【つばめと蒸籠と、初夏の風に包まれて】
皆さま、こんにちは。
気温も少しずつ上がり、初夏の空気が町を包みはじめました。青空を見上げれば、つばめが元気に飛び交っています。小さなくちばしで藁や枝を集めては、軒先に巣を作る姿――そんな風景に出会うと、なんだか心が和みます。
最近は、私たちの工場近くにもつばめが顔を出すようになり、柱の上を見上げたり、梁を確認したりと、どうやら巣の場所を探しているようでした。素材を集めて、納得のいく場所を見極めてから、丁寧に巣を仕上げていく様子は、私たち点心職人の仕込みの姿勢にも通じるものがあります。

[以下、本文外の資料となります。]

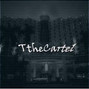 TtheCartel - TtheCartel- Web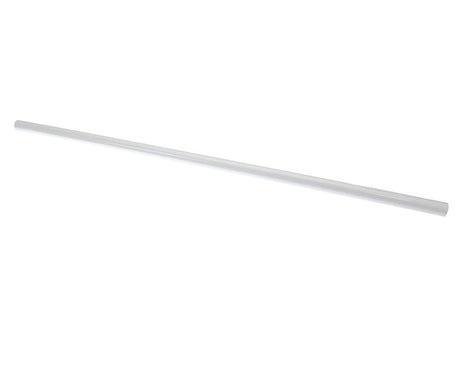 STRUCTURAL CONCEPTS PARTS Structural Concepts 500308-03825 Mcue Rigid 1 INX38.25 In Sp - SKU STC500308-03825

さて、本日も工場ではたくさんの点心が蒸籠に並びました。
だし焼売450個、えび焼売450個――合計900個の焼売を仕込みました。
だし焼売は、京都らしく昆布と鰹から丁寧に取った一番だしをたっぷり使い、豚肉の旨みをやさしく引き出しています。噛んだ瞬間に広がる、まろやかな香りが特徴です。
一方のえび焼売は、ぷりっとした食感とほんのりとした甘みが魅力。海老の旨味と食感を引き立てるよう蒸しあげています。蒸しあがった焼売から立ちのぼる湯気は、まるでつばめの羽ばたきのよう。ふわりと空へ舞うような香りに、工場中が包まれました。
そんな朝、ふと思いついて一句詠みました。
> 巣を結ぶ つばめにまじる 蒸気かな
春の名残と 夏の兆しと
季節の移り変わりを、こうして点心を作りながら感じることができるのは、この仕事の醍醐味です。湯気、香り、手の感触――どれも「いまこの瞬間」だけの尊いものです。だからこそ、一つひとつ丁寧に包み、心を込めて蒸し上げています。
私たちの点心が、だれかの食卓で笑顔につながっていれば――それほど嬉しいことはありません。
今後も、つばめたちが子育てをするように、私たちも大切に、一品一品を育ててまいります。
どうぞ、これからも京都点心福をよろしくお願いいたします。